If, for some reason, people are looking to you to light a box of fireworks, be safe and extend the fuse to its maximum length. Once it catches, run screaming in the opposite direction. How loudly you scream should be in proportion to the size of the firework: a light yelp for a Roman candle; a prolonged wail for a box of aerials; indecipherable shrieking for a bandolier of 10,000 firecrackers. It doesn’t matter if you miss the firework itself. Safety is number one.

Also, never tip a box of aerials over to see if you can light dry grass on fire. If that’s your aim, use gasoline and sparklers – it’s way cheaper.

BE CREATIVE
Fireworks can be used for much more than childish enjoyment. Buy a bunch of aerial shells (those fireworks that are nothing more than a loud BANG!) set your alarm for 4am, and aim them directly at your neighbors’ window. That’ll teach them to call the police on your parties.

DID YOU KNOW? Traditional Spring Festival decorations include the upside-down fu character and duilian. If you don’t know any Chinese couplets, use rap lyrics instead.

Don’t be afraid to use superstitions to your advantage. Some families like to clean the house before the New Year to get rid of all the bad luck. But if you’ve had a good year, why not brush up all that luck dust and keep it in a sack next to your bed?

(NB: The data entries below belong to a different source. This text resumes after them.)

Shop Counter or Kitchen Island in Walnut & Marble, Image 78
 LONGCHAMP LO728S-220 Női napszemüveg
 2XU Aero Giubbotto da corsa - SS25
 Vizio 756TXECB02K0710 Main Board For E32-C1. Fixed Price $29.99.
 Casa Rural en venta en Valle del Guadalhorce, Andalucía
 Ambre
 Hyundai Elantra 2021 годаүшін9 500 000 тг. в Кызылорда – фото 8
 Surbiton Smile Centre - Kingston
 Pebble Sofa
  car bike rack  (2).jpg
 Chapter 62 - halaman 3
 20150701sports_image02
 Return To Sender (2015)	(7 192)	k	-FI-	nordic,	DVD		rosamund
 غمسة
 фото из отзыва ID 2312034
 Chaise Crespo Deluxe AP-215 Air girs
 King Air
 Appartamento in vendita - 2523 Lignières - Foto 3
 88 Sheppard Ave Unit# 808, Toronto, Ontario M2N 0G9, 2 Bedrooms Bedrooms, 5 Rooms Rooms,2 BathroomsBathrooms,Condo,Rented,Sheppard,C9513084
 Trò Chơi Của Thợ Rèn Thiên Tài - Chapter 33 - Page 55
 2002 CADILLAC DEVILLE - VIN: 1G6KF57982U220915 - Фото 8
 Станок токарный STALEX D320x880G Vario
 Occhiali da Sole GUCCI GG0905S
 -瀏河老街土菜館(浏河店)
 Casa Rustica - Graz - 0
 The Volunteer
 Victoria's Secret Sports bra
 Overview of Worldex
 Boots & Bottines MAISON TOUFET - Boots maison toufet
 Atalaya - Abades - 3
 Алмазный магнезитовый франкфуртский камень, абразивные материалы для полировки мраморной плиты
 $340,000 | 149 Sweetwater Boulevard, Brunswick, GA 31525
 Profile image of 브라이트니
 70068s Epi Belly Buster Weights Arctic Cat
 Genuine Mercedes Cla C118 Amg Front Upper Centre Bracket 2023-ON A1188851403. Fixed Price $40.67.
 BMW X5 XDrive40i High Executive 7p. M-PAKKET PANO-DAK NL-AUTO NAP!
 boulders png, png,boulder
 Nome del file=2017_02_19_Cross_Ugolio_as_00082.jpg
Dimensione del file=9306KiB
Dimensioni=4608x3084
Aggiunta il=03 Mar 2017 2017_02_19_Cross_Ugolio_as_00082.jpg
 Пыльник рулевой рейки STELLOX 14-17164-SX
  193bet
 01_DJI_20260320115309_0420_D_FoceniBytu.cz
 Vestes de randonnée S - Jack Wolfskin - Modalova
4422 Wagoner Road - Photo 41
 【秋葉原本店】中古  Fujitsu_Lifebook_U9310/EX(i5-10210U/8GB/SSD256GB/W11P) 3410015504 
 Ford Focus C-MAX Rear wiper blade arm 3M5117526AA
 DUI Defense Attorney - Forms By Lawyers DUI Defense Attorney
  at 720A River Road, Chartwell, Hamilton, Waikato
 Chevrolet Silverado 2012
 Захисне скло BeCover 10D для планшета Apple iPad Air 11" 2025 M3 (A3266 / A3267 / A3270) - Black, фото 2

Then there’s the custom of wearing a red string bracelet or belt on your birth year. Ladies, what better way to disguise your age than making a guy round to the nearest multiple of 12? Thirty-nine suddenly becomes 36, 28 passes for 24. (Do not attempt this if you’re much younger than you look – there’s always a chance he’ll round up.)

Another popular belief is that getting a haircut in the first month of the Lunar New Year will kill your uncle. This is bad. Unless you hate your uncle. If you hate him and he’s superstitious, you can extort a few red envelopes from him in exchange for growing your hair out.

After all, what good is family if you can’t get some money out of them?